The Fadel Family Since 1937

La familia Fadel desde 1937

La historia de la familia Fadel comienza en Alepo, Siria, en 1937.

Fue entonces cuando Fadel, junto a sus hijos, empezó a elaborar jabón de Alepo siguiendo el método tradicional transmitido en la ciudad durante generaciones.

Desde el principio, la fabricación de jabón fue un oficio familiar. El conocimiento pasó de padre a hijos y, más tarde, de una generación a la siguiente. Lo importante nunca fue la escala ni la rapidez, sino la constancia, el cuidado y el respeto por el proceso.

Los primeros años en Alepo

Los primeros jabones se elaboraban en un antiguo edificio de piedra en Alepo.

Era un lugar sencillo, moldeado por el paso del tiempo más que por el diseño. En su interior, el trabajo seguía un ritmo constante: cocer, verter, cortar y secar, una y otra vez, año tras año.

En 1996, debido al deterioro del edificio, las autoridades ordenaron su demolición. La familia tuvo que trasladarse y construir un nuevo espacio dedicado exclusivamente a la fabricación de jabón.

El método no cambió.

Solo cambiaron las paredes.

Un oficio transmitido de generación en generación

La elaboración del jabón dentro de la familia Fadel nunca fue el trabajo de una sola persona. Siempre fue una responsabilidad compartida entre padres, hijos y las siguientes generaciones.
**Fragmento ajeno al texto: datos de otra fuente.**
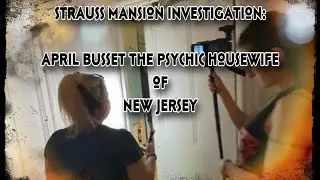 Strauss Mansion Investigation 9/10/22 April Busset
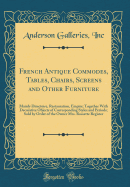 French Antique Commodes, Tables, Chairs, Screens and Other Furniture: Mainly Directoire, Restauration, Empire; Together with Decorative Objects of Corresponding Styles and Periods; Sold by Order of the Owner Mrs. Rossette Register (Classic Reprint)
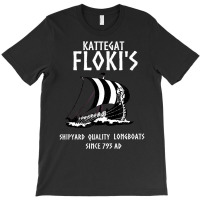 Kattegat Floki's Shipyard Longboat Funny Viking Gift T Shirt T-shirt | Artistshot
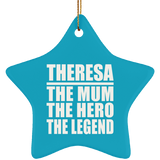 Theresa The Mum The Hero The Legend - Star Ornament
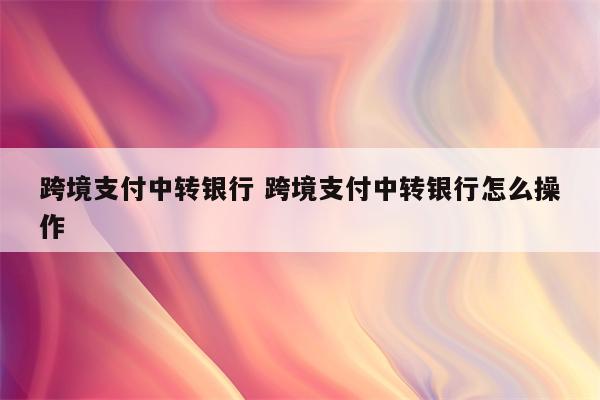 跨境支付中转银行 跨境支付中转银行怎么操作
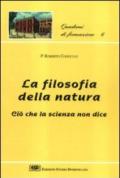 Filosofia della natura. Ciò che la scienza non dice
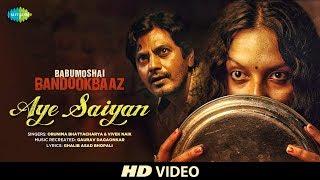 Aye Saiyan  | Babumoshai Bandookbaaz | Nawazuddin Siddiqui | Orunima | Bidita Bag | Vivek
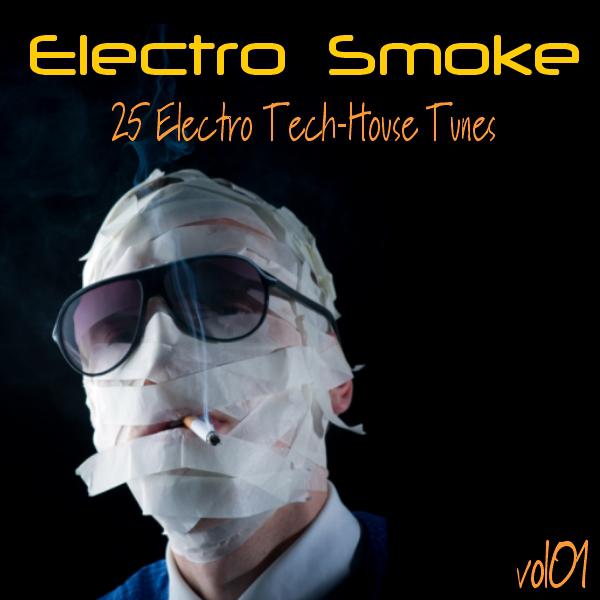 Electro Smoke Vol.1 - 25 Electro Techhouse Tunes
No existían manuales escritos.

El oficio se aprendía observando, repitiendo y dedicándole tiempo. Formaba parte de la vida cotidiana, no era algo separado de ella.

Gracias a esa continuidad, el trabajo pudo mantenerse sin interrupciones durante décadas.

Años de dificultades

Cuando la guerra llegó a Alepo, la vida cotidiana cambió por completo. Como tantas otras familias, los Fadel tuvieron que tomar decisiones difíciles.

La producción no se detuvo.

Simplemente se trasladó.

La familia se estableció en Gaziantep, al otro lado de la frontera, una ciudad históricamente vinculada a Alepo por el comercio y el intercambio. La transición no fue fácil. Los recursos eran limitados, las condiciones complicadas y reconstruir la rutina llevó tiempo.

Aun así, el jabón siguió elaborándose.

El regreso a Alepo

Con el paso del tiempo y la mejora de las circunstancias, la familia pudo regresar a Alepo, Siria. El lugar original fue restaurado y el trabajo volvió a comenzar donde todo había empezado.

El regreso no fue un gesto simbólico.

La producción se reanudó, las manos recuperaron sus movimientos familiares y el oficio continuó en su hogar de siempre.

Un oficio compartido más allá de Alepo

Aunque el corazón de este oficio sigue estando en Alepo, Siria, el jabón ha llegado con el tiempo a muchos otros lugares.

Gracias a la confianza de quienes crecieron utilizándolo y continuaron valorándolo allí donde vivían, el jabón de Alepo cruzó fronteras y encontró nuevos hogares.

Lo que se compartió no fue un producto nuevo.

Fue una tradición ya existente, transmitida con respeto, sin modificar ni su método ni su significado.

Una tradición viva

La historia de la familia Fadel no trata de expansión ni de reconocimiento.

Habla de continuidad.

De la decisión de seguir haciendo el mismo trabajo, de la misma manera, incluso cuando las circunstancias cambian.

Lo que comenzó en Alepo, Siria, en 1937 sigue vivo hoy, moldeado por el lugar, el tiempo y el compromiso silencioso de una familia que nunca abandonó su oficio.